We were being asked at the municipal level to return a licence for a particular type of vehicle to this young man. It was an astounding experience to find out that this was the person involved in that death. When we read the pre-sentencing report, all three of us on the committee understood that there was clearly a victim who could never be brought back and that was a tragedy, but the remorse shown by the young man who was involved in an altercation that led to a terrible incident, was very clear. What was also clear was that the young man had a family. He had a wife and two children. They had to move out of Mississauga to another city in Ontario to continue with their lives, and the young man simply wanted to get on with his.
He was a young offender when the incident occurred. He came back and was going out to work. The committee recognized that the anger in the community would be negative enough that it would be unproductive, that it would be a bad move to simply reinstate the licence in our city, and so we made other arrangements for that individual to get a job in another city in the province.

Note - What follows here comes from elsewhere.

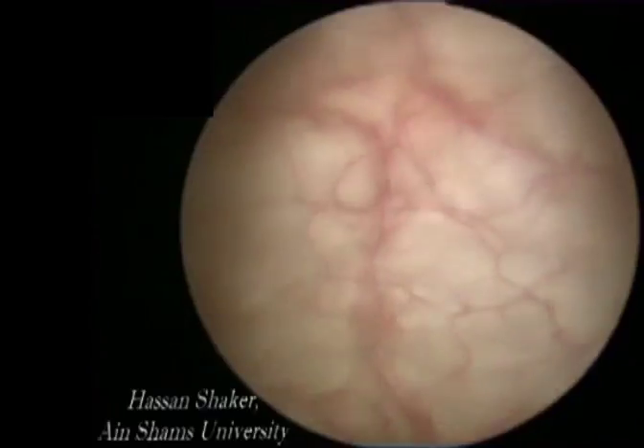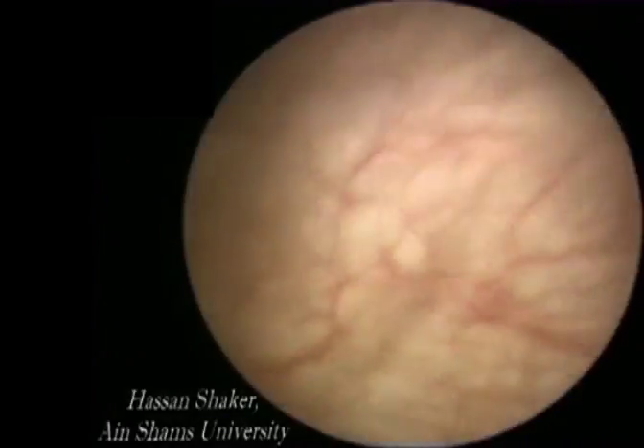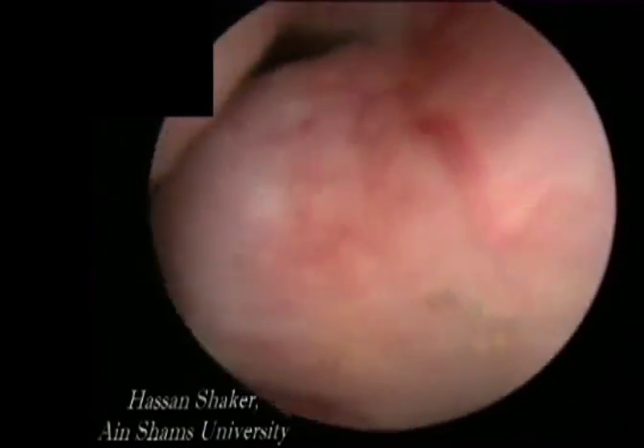In this video, we are demonstrating our technique in performing the Q-LAP in this 80 ml prostate. We developed this technique based on the Nesbitt technique of TURP.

Should we have shown that kind of compassion? Some would argue, perhaps the family members of the victim—the young man who was kicked in the head and died—with some understanding, frankly, from me and others, that we should not have shown that compassion. However when we are faced with the actual information and know the entire story, it puts a different spin on it and gives us a different perspective.
I am proud to say that I think we did the right thing. We showed the compassion and helped the young man get on with his life.

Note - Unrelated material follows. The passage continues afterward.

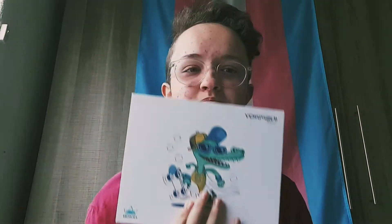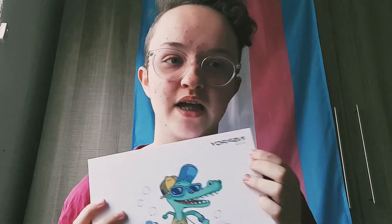You guys want a face reveal? Hello. This box is actually a part of this video. It's a H430P HueyOn tablet.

One of the things we want to stress again is that we are interested in preventing crime and working with young people. Will we be able to prevent crimes by incarcerating young people? There are instances when incarceration may be the only thing we can do, but that should not be the first decision made when dealing with a young person in trouble with the law.

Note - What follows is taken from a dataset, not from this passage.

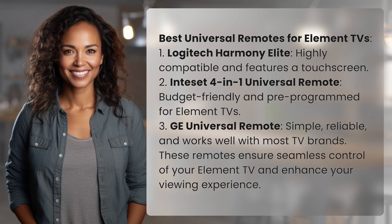Best Universal Remotes for Element TVs: 1. Logitech Harmony Elite — highly compatible and features a touchscreen. 2. Intiset 4-in-1 Universal Remote — budget-friendly and pre-programmed for Element TVs.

I believe the bill offers a balance. The balance is to work toward preventing crime and to rehabilitate and reintegrate offenders into the community, with a requirement, upon reintegration, that there be some community support.
Let us imagine young people who have been sentenced to prison for about two or three years. When they get out they are probably still only 16, 17 or 18 years old. Do we just turn them out into the community and leave them entirely on their own? The bill allows for and insists upon community support. It makes absolute sense.
There are many tremendous groups: church groups; NGOs; groups that work with new immigrants and that can work with youth; and the John Howard Society. Many different organizations are dedicated to helping young people get on with their lives. This is the positive aspect of the bill.
It is interesting to hear members opposite say that we are going too fast in invoking closure. I heard a speaker just a few moments ago say that the government has been debating this issue for eight years and that he has been following it and has been involved in it.
We know that for three years both the House of Commons and Senate committees have held hearings. Every time the bill has comes forward so far it seems to have fallen off the table for one reason or another. This time it will not. This time the amendment will carry, not because Liberals are being whipped but because Liberals believe this is just, this is fair and this is legislation that is overdue and about time.